Brer Fox, he wink his eye slow, en lay low, en de Tar-Baby, she ain't sayin' nothin'.

It's much easier to find revisions of this text than the original. One of those revisions posted online has a forward that says, "Harris retold the fables in the dialect used by the African slaves. Later retellings, such as the version of the story given here, have been in standard English, which makes the tales easier to read but takes away the charm of the original."

If you read the revised versions (behind the cut), you'll see what I mean: I don't think they realize where the so-called charm comes from. I do think it's true that the original exoticizes the slave dialect a great deal. It's so extreme, it alienates the reader, like it's letting you in on mysterious (getting near on Magical Negro territory, here) Other-stories, and your ticket to play is paid by the time you spend parsing out this unfamiliar not-English... but the exotic is not the source of the story's charm.

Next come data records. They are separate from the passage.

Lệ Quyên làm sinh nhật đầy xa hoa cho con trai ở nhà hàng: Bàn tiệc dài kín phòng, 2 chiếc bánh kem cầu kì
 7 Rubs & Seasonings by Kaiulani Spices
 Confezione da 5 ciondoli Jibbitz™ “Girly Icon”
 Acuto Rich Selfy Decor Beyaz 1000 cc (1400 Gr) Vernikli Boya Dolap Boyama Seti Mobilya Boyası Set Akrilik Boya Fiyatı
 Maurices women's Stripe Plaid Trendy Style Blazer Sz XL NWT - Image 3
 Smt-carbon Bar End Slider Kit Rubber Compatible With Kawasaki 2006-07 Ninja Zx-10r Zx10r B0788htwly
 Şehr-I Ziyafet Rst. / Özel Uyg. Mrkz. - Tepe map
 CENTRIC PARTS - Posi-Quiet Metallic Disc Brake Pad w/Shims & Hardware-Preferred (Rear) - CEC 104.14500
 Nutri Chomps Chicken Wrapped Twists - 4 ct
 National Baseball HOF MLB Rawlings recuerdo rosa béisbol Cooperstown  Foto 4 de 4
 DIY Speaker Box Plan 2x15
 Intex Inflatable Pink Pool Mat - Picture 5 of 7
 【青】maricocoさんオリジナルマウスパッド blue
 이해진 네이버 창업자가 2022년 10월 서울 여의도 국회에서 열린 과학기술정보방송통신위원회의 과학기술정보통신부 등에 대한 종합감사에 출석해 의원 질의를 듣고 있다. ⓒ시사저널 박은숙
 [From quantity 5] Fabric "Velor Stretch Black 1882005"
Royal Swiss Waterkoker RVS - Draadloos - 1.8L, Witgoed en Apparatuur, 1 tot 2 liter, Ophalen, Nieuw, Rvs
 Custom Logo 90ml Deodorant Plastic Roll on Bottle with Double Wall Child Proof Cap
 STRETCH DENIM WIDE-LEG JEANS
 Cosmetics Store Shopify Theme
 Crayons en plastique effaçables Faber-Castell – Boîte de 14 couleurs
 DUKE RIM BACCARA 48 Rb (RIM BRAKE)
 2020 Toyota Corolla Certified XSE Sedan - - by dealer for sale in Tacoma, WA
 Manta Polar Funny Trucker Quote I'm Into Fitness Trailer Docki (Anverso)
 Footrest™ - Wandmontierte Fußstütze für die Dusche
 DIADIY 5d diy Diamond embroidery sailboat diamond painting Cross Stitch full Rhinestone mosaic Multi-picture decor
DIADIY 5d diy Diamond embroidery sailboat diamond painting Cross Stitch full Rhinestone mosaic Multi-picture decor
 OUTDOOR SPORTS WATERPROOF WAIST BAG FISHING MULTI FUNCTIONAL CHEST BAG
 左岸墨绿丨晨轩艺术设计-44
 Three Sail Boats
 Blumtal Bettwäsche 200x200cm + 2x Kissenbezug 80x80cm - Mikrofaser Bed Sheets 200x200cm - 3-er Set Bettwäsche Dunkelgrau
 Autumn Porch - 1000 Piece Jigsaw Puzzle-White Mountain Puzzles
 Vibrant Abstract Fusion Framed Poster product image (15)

[That said, I should also note that while Harris may've propagated the image of the former slave as somewhere between lyrical and illiterate, he did also do a great service for later linguists, in putting so much effort into authentically and faithfully recording the actual speech. Even if he did do it via phonetic spellings, some of which are just plain baffling (I never have figured out what 'segashuate' means, but I think it might be 'suggest') -- he still managed to notate historical and actual speech patterns. Before him, most had discounted slave-speech as just Bad English, instead of understanding it as a communicative and evocative language in its own right. Some of the linguists even imply that had Harris not set the precedent, it might not've been until the WPA Historical Records Survey that anyone would've captured a contemporary speech record. In that sense, as difficult as the text is to read, to linguists and historians looking for long-standing patterns in the African-American creole, it does have value as a kind of historical record.]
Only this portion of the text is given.